In a conversation with one person, I have a great deal of difficulty with changing subjects. I also have difficulty with people moving around the room while they're talking. If someone changes the subject or ends a conversation in a way that seems abrupt to me my sensory awareness is raised and my chaotic energy level may be seen by others as emotionally charged. There is an emotion involved, but I find that it's a different type of emotion that others may presume it is due to the emotions that cause them to react.
With me the emotion is always fear but it isn't necessarily on how I feel about the other people in the situation beyond their control over the environment that demands a response from me that I'm having difficulty making. They may believe that my verbal skills are such that my responses are more unrehearsed than they are, that my ability to sort through current information that I'm receiving is better than it is, that I am more able to change direction in a conversation than I am, and that sorting through all the emotions that others are feeling within a conversation is something I can do more easily than I actually can. The way I see others doing this is similar to the way that I watch them be able to weave through traffic and change a barrage of images into static symbols they can negotiate.
This difficulty is not the same with other autistics though it may be similar with some. However, it can be something that causes people difficulty, which isn't readily noticeable by others. These difficulties and the issues they present aren't something that many people will understand even after spending lots of time with me. They will have no doubt that there's a problem but won't know what it is.
As long as everyone is seen as competing for the same thing in life and accommodations are seen as some type of advantage in that competition people will be less able to understand each other and be encouraging and empowering.
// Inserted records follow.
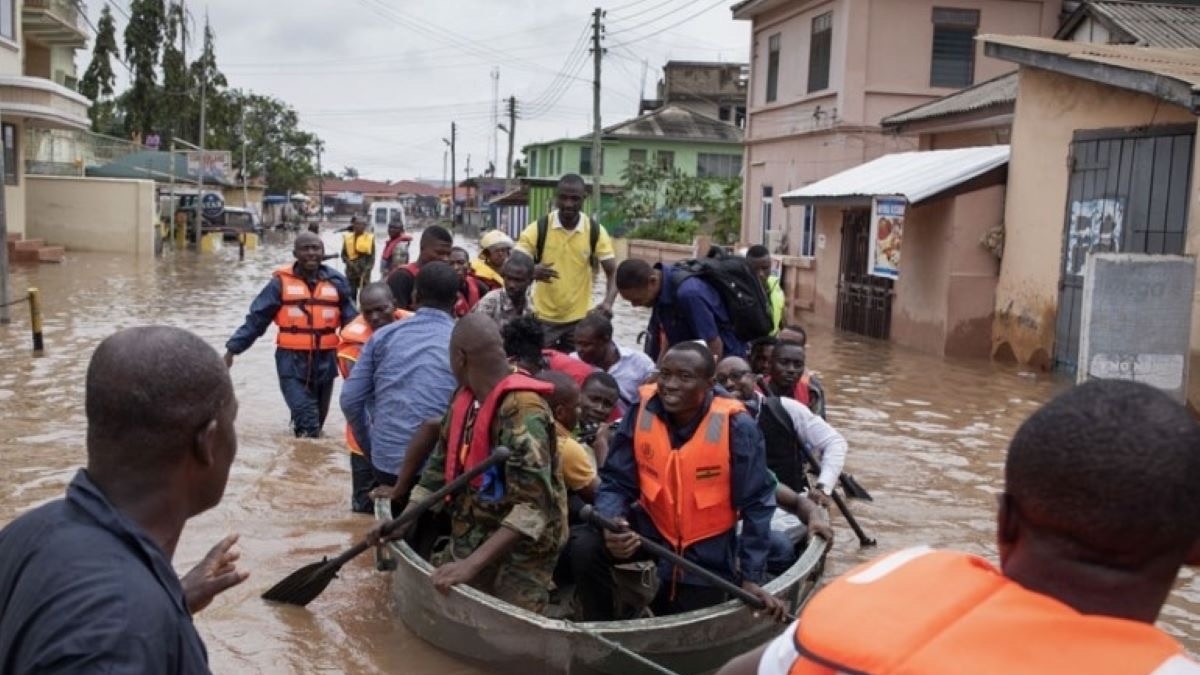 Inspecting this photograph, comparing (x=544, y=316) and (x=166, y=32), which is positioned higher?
(x=166, y=32)

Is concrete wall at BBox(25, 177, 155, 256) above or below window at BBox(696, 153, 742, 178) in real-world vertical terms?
below

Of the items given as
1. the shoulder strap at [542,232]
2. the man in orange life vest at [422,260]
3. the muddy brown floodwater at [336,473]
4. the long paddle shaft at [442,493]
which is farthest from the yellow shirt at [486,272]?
the long paddle shaft at [442,493]

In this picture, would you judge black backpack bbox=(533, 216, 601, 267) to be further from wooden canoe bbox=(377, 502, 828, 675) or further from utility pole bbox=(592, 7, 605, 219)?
utility pole bbox=(592, 7, 605, 219)

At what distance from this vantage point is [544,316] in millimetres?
9641

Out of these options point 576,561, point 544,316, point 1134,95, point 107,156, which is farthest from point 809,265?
point 107,156

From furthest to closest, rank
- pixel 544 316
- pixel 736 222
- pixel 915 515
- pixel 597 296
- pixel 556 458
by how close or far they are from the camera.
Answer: pixel 736 222
pixel 597 296
pixel 544 316
pixel 915 515
pixel 556 458

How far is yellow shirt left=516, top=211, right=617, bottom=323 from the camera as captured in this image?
9.62m

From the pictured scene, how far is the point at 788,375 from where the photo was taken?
770 centimetres

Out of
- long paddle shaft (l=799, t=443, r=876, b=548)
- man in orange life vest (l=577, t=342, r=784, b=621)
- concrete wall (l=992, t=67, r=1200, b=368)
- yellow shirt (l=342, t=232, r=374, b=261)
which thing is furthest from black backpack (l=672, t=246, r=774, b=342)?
yellow shirt (l=342, t=232, r=374, b=261)

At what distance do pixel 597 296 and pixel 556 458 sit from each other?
21.5m

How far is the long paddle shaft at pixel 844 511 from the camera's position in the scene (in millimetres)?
6938

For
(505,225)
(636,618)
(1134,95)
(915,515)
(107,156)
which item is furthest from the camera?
(505,225)

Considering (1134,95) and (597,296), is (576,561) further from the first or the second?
(597,296)

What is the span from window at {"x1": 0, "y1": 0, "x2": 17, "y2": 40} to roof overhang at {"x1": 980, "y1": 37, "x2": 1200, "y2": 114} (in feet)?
79.3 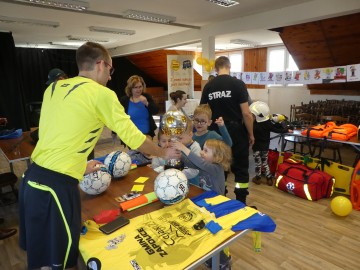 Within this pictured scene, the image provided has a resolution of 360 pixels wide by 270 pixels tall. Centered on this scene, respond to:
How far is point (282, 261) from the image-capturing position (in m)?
2.16

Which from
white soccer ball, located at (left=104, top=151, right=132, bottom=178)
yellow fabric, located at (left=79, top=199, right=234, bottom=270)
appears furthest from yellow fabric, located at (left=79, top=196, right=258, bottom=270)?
white soccer ball, located at (left=104, top=151, right=132, bottom=178)

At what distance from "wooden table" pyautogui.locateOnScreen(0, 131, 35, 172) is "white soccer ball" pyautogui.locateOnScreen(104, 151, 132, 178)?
1.47 metres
The truth is there is no scarcity of the compassion that produces encouragement and empowerment anywhere in the human species. Accommodations don't need to be seen as either an undue advantage or an excuse for irresponsibility. There are many more possibilities than just these two. People have many different motivations and many different goals and their expressions of creativity and inspiration are severely impaired when others believe that any aid that someone else gets will somehow reduce the aid that they themselves get. Indeed, the opposite is true. Encouragement and accommodation create more of the same for everyone in the same way that greed and theft do.
This environment of encouragement is readily accessible to everyone and will provide us all with the necessary resources to survive. If the environment is instead infected with parasitic attitudes where no one feels like they are receiving their due, everyone will indulge in the luxury of seeing every standard they can meet as their divine inheritance and every substandard expression as a sinful act meant to rob them of the reward they deserve.